Records contained in a dataset ->
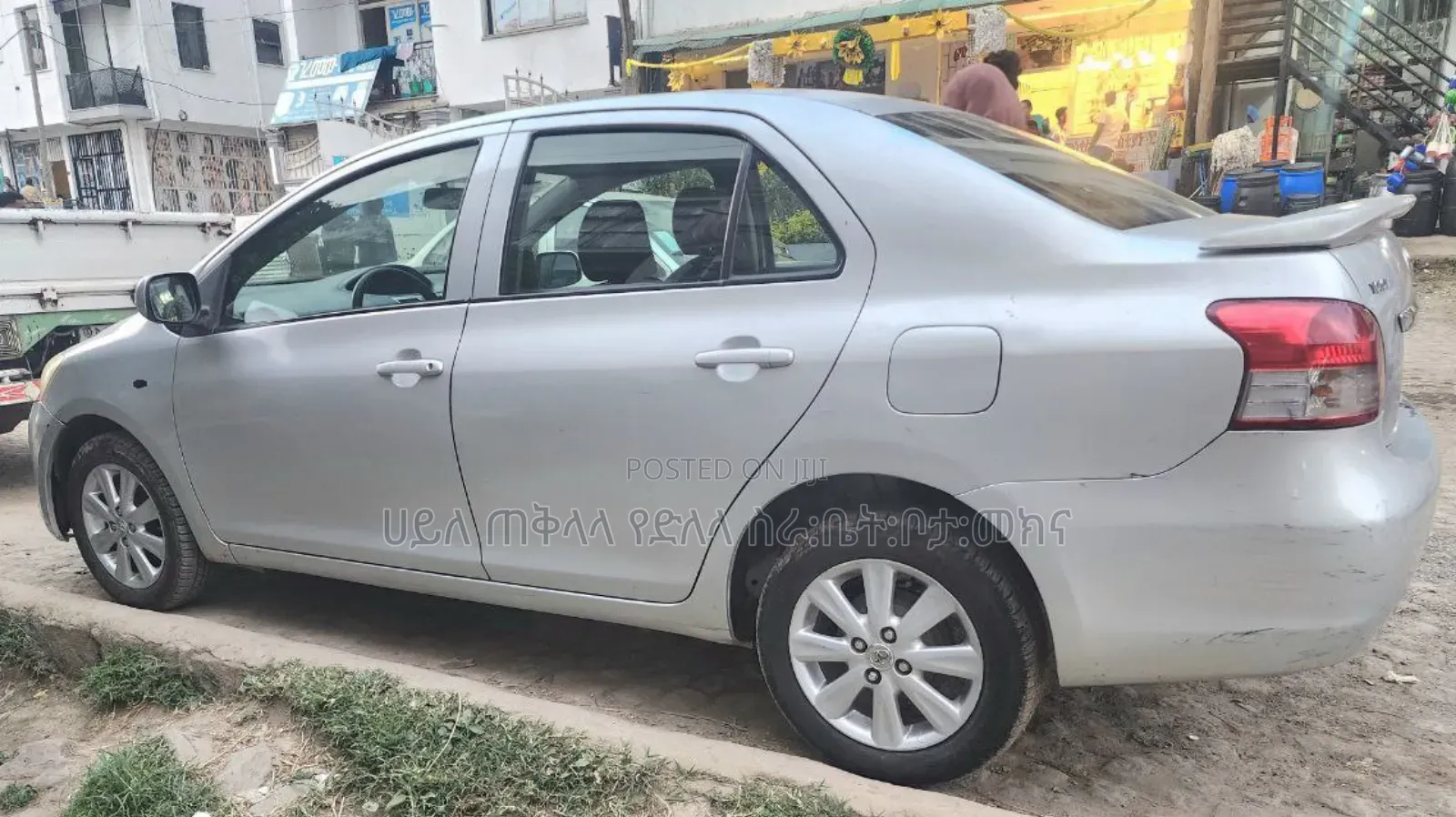 Toyota Yaris 2010 Silver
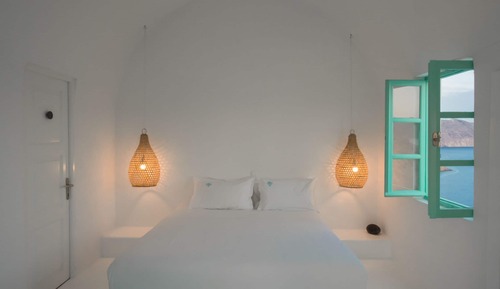 Suite with Panoramic Caldera View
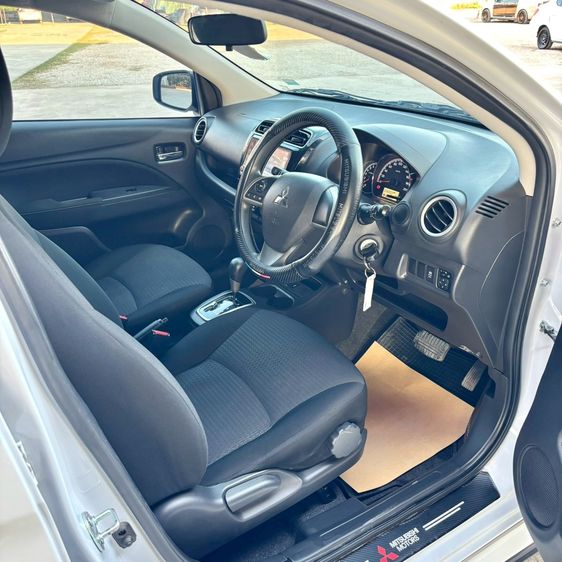 Mitsubishi Attrage 2023 1.2 Smart Sedan เบนซิน ไม่ติดแก๊ส เกียร์อัตโนมัติ ขาว รูปที่ 4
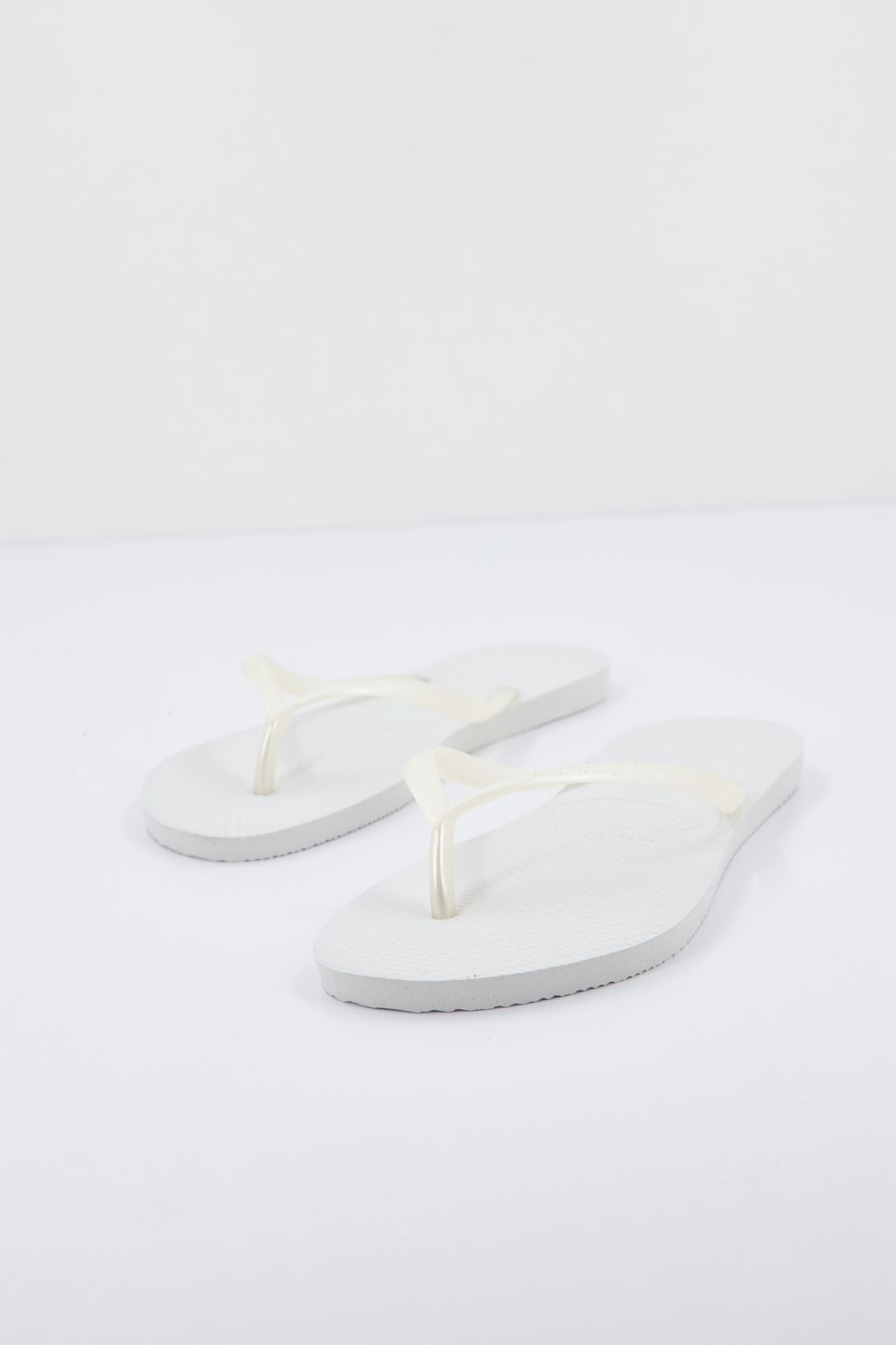 HAVAIANAS SLIM en color BLANCO (3)
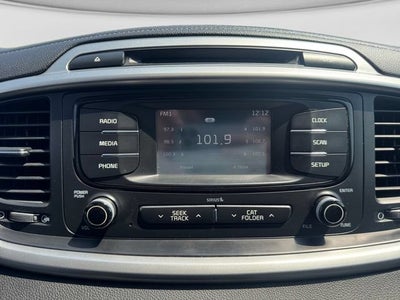 2017 Kia Sorento 2.4L LX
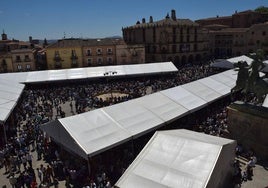 La plaza Mayor con numerosas personas en la Feria del Queso el pasado sábado.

Activity -> Return an exact transcription of the entries above, excluding each image.

Output ->
 Toyota Yaris 2010 Silver
 Suite with Panoramic Caldera View
 Mitsubishi Attrage 2023 1.2 Smart Sedan เบนซิน ไม่ติดแก๊ส เกียร์อัตโนมัติ ขาว รูปที่ 4
 HAVAIANAS SLIM en color BLANCO (3)
 2017 Kia Sorento 2.4L LX
 La plaza Mayor con numerosas personas en la Feria del Queso el pasado sábado.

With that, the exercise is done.